Action item
Copying rule for the data below: pictures stay out, and only the lines from the one with "Ролл маки угорь" down to the one with "68 Withy Mead, London, E4 6JW", inclusive, are repeated exactly.

Supplied entries

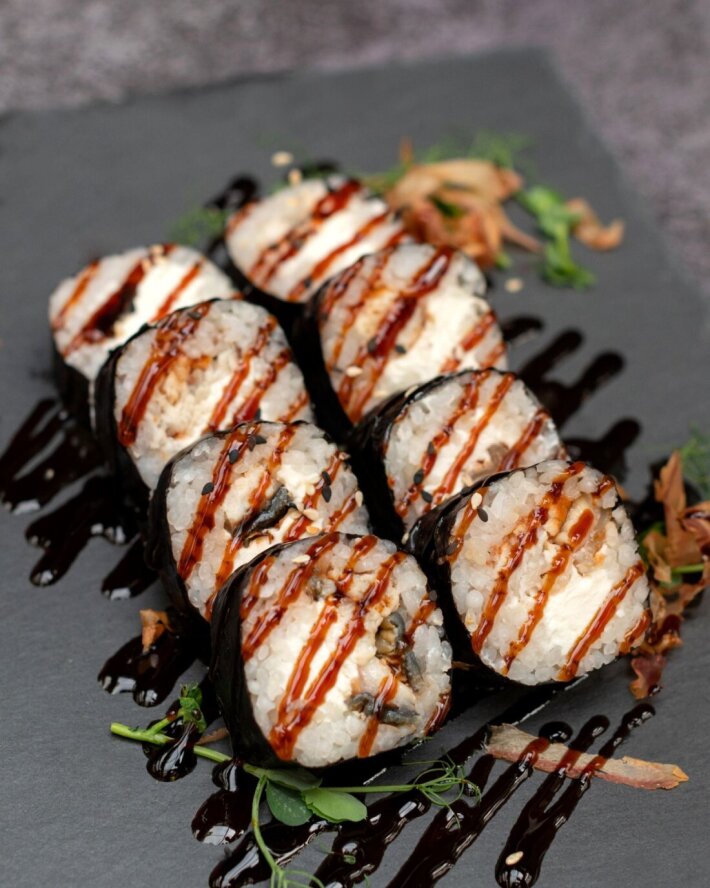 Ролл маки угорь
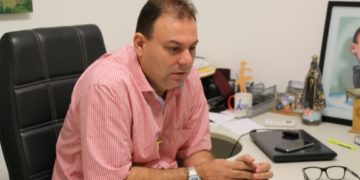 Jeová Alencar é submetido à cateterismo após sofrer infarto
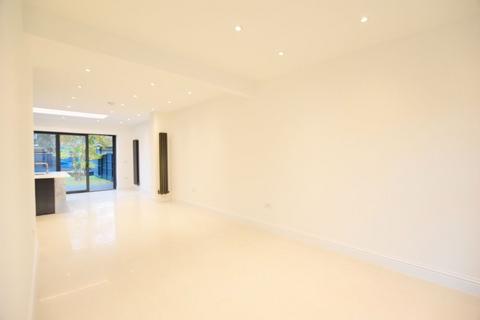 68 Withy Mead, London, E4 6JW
---
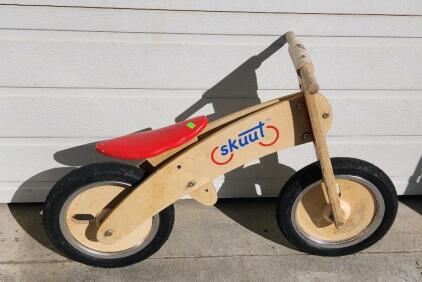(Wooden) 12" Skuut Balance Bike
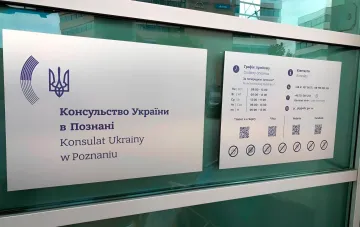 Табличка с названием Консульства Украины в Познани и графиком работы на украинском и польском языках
--
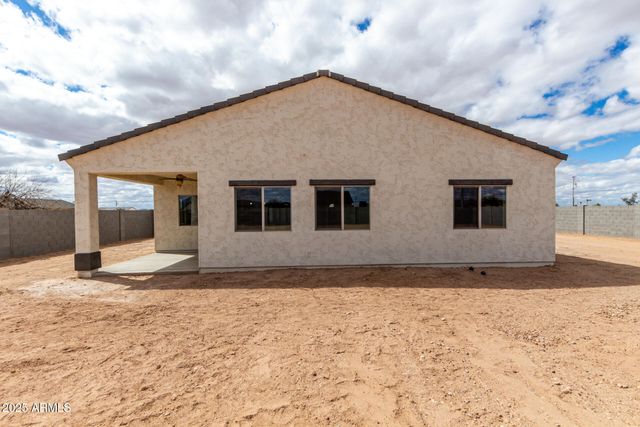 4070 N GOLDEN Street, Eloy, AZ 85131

Exercise solution
 Ролл маки угорь
 Jeová Alencar é submetido à cateterismo após sofrer infarto
 68 Withy Mead, London, E4 6JW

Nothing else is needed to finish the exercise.